Studies of stress and its effects on health have typically focused on the worries of an individual: money, love, health, work. When we turn our attention on relationship stress, the focus is generally on your typical couple. However, new research studies how minority stress — which results from being stigmatized and disadvantaged in society — affects same-sex couples’ stress levels and overall health.

The researchers assert that the health effects of minority stress shared by a couple can be understood as distinct from individual stress, a relatively new framework in the field. The study, one of the first of it’s kind, has shown that minority couples suffer significantly different stressors than  there majority counterparts.

“Stress research has traditionally focused more on the individual experience of stress, which is very important, but social contexts get overlooked,” Allen LeBlanc, Health Equity Institute Professor of Sociology at San Francisco State University said.

“We are developing new ways of measuring stress at the couple level.”

A gay man, for example, might feel individual stress if he conceals his sexual orientation from others, fearing discrimination in his workplace or rejection by his family.
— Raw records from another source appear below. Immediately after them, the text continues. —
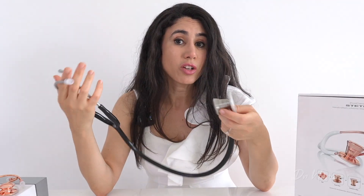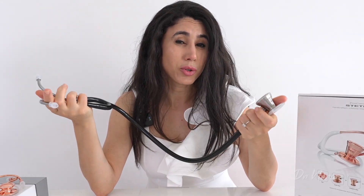So right here I've got the MDF Procardial Cardiology Stainless Steel Stethoscope. This is aimed at those who are more interested in cardiology and want to listen to heart sounds, but it could also be useful for medical students or even general practitioners who need to listen to heart sounds on a regular basis.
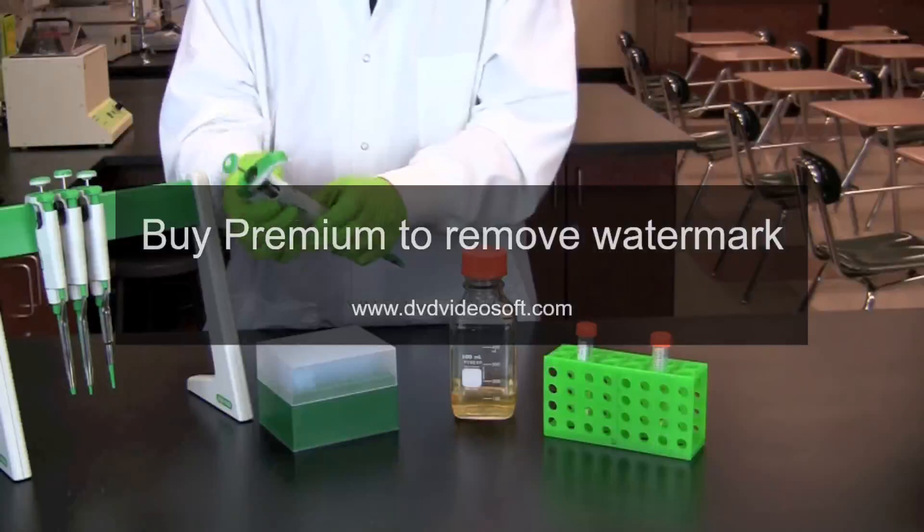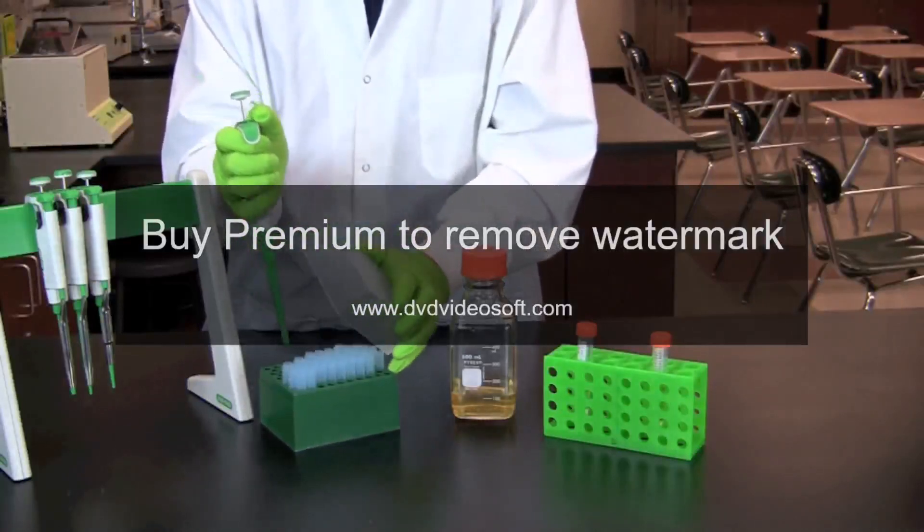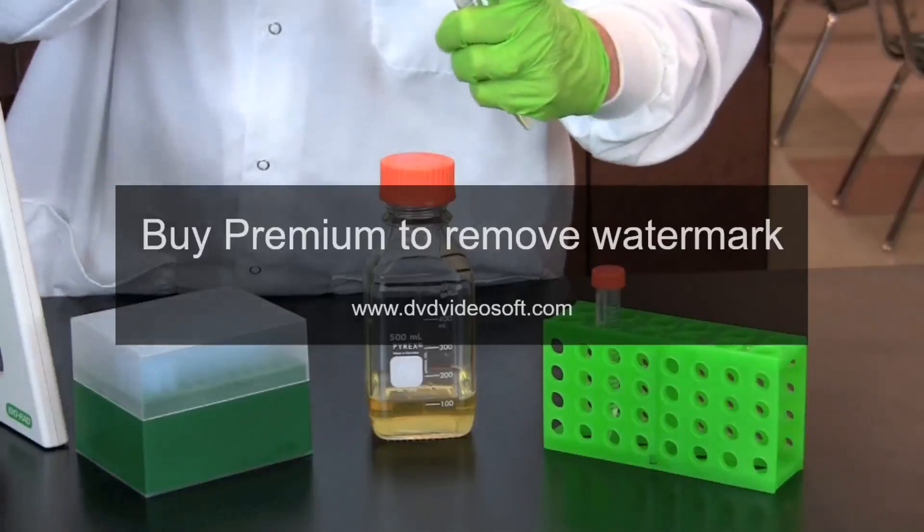Next, reset your pipette to the volume prescribed in your lab protocol and transfer the proper volume of arabinose into your media.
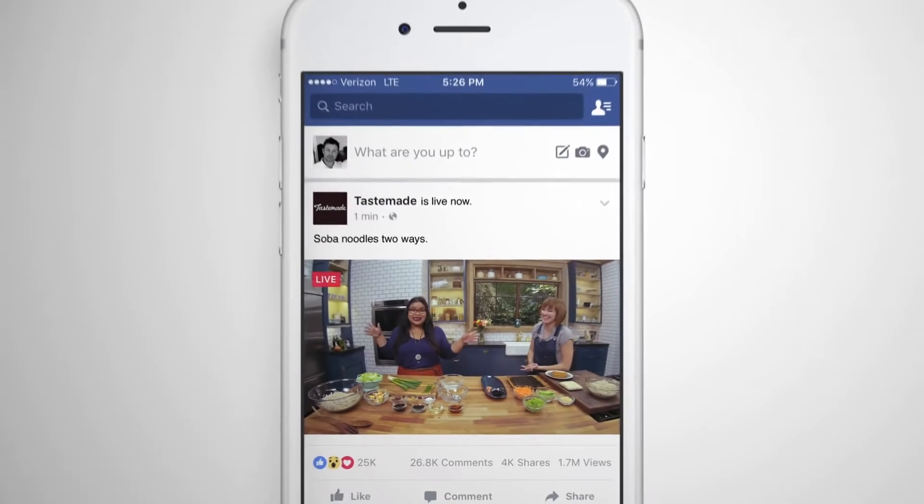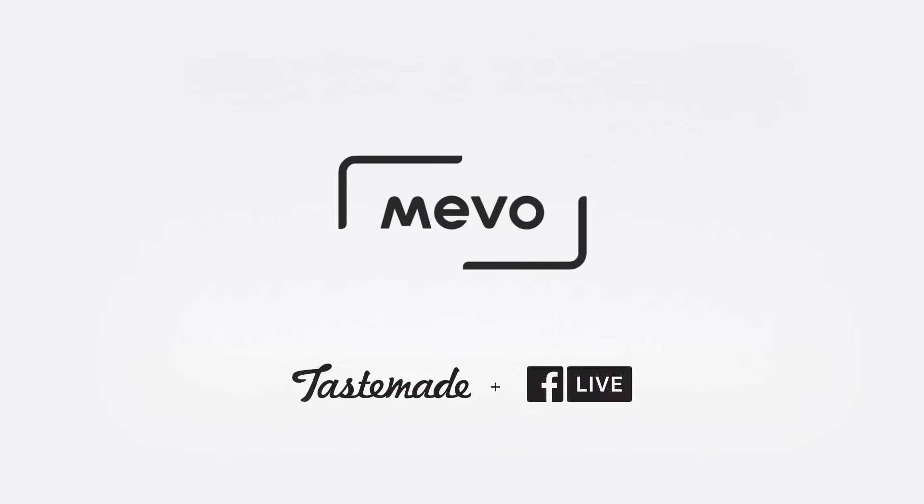Hey guys! We're here at the Tastemate Studio, and we're doing Facebook Live with this cool new camera called the Nevo.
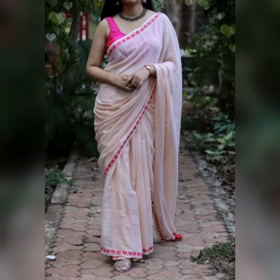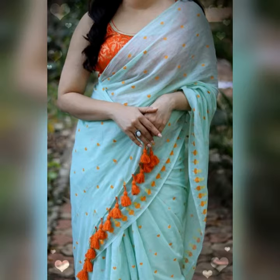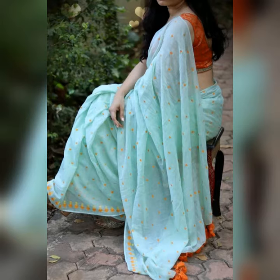Hi friends, welcome to my channel. In this video I am going to show you beautiful hand-woven soft cotton sarees collection. These sarees are simple, soft, and easy to carry.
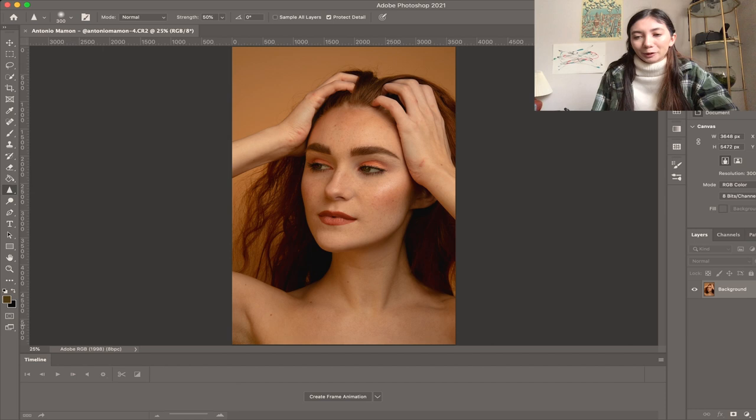I'm pretty sure when Antonio sent me this one he knew that I was going to do it because I'm a huge fan of beauty work. So I'm going to go ahead and edit this photo how I would. I want to try to give it a little interesting twist so that it's not a basic retouch, and I'm just going to go through and go for it while I listen to music.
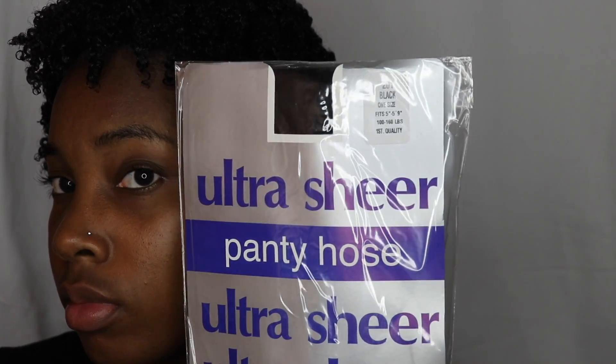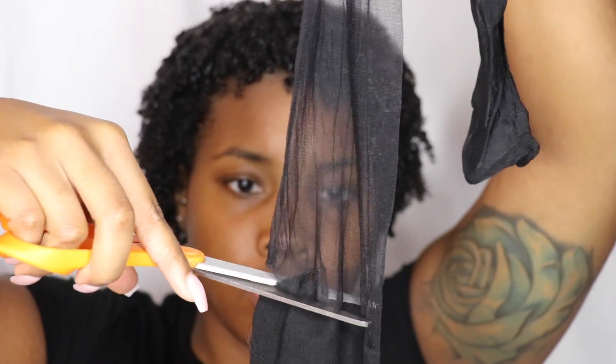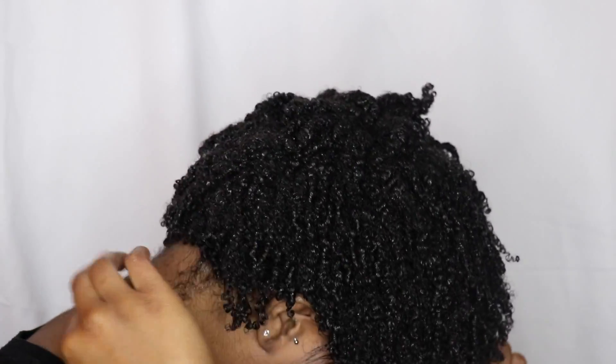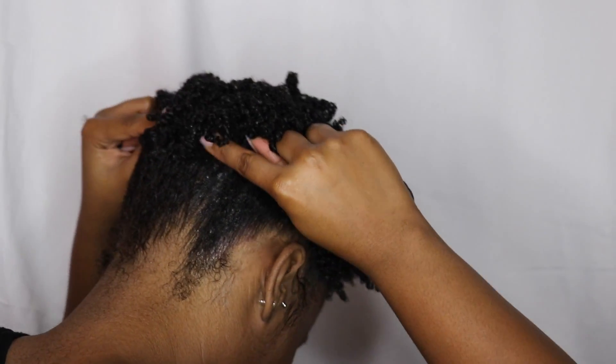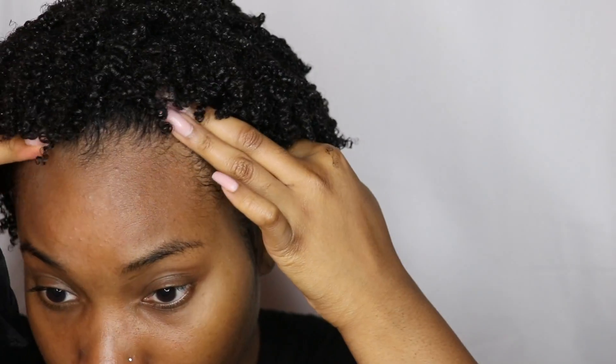Now since my hair is a little short and I'm just not comfortable wearing my hair this short yet, I'm using some pantyhose. I'm cutting off the legs of the pantyhose and I'm going to use this as sort of a hair tie to push my hair up. So what I'm doing now is I'm placing it from the back first, then crossing it in the front, pushing it all the way up to however high it can go — however long your hair is.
This situation can lead to couple-level stress if he asks that his partner hide their relationship, leading to new challenges affecting both men — and the quality of their relationship.

In an article — yet to be published — the team suggests that future research must strive to better understand stressors that originate within the context of intimate relationships, and that such studies will advance the entire field of stress research.

“Relationships aren’t inherently seen as problematic or challenging,” LeBlanc said.

“A lot of important work has been focused on what is helpful or positive about being in a relationship. There is longstanding literature, for example, demonstrating that people who are married tend to have better health than those who are not. But relationships are also a source of stress, and we can learn from that.”

Using their new framework of understanding shared stress, the team are currently undertaking the first study of couple-level minority stress. Hundreds of couples across the country will participate in a study designed to measure their individual and couple-level stress as distinct entities. A year later, the couples will complete a second survey, with the goal of learning how stress experiences and health change over time — and the effects they have on a relationship. The data from this survey will allow the researchers to test their new theory of stress and health and help identify the kinds of stress that are most challenging for same-sex couples.

While the work focuses on minority stress among same-sex couples, the insights can readily be applied to other couples that experience minority stress as well, such as interracial couples, interfaith couples and couples in which one partner is significantly older than the other.

On a more personal side note, here at the Labs we support the LGBT community in its entirety and I sincerely hope that one day there doesn’t even to be a group because it is normal enough for people to not give it another thought, like favorite color, or a new hair style. While it may be far and away from happening — if ever. It’s a nice thought though, that we could, you know, treat each other as equals.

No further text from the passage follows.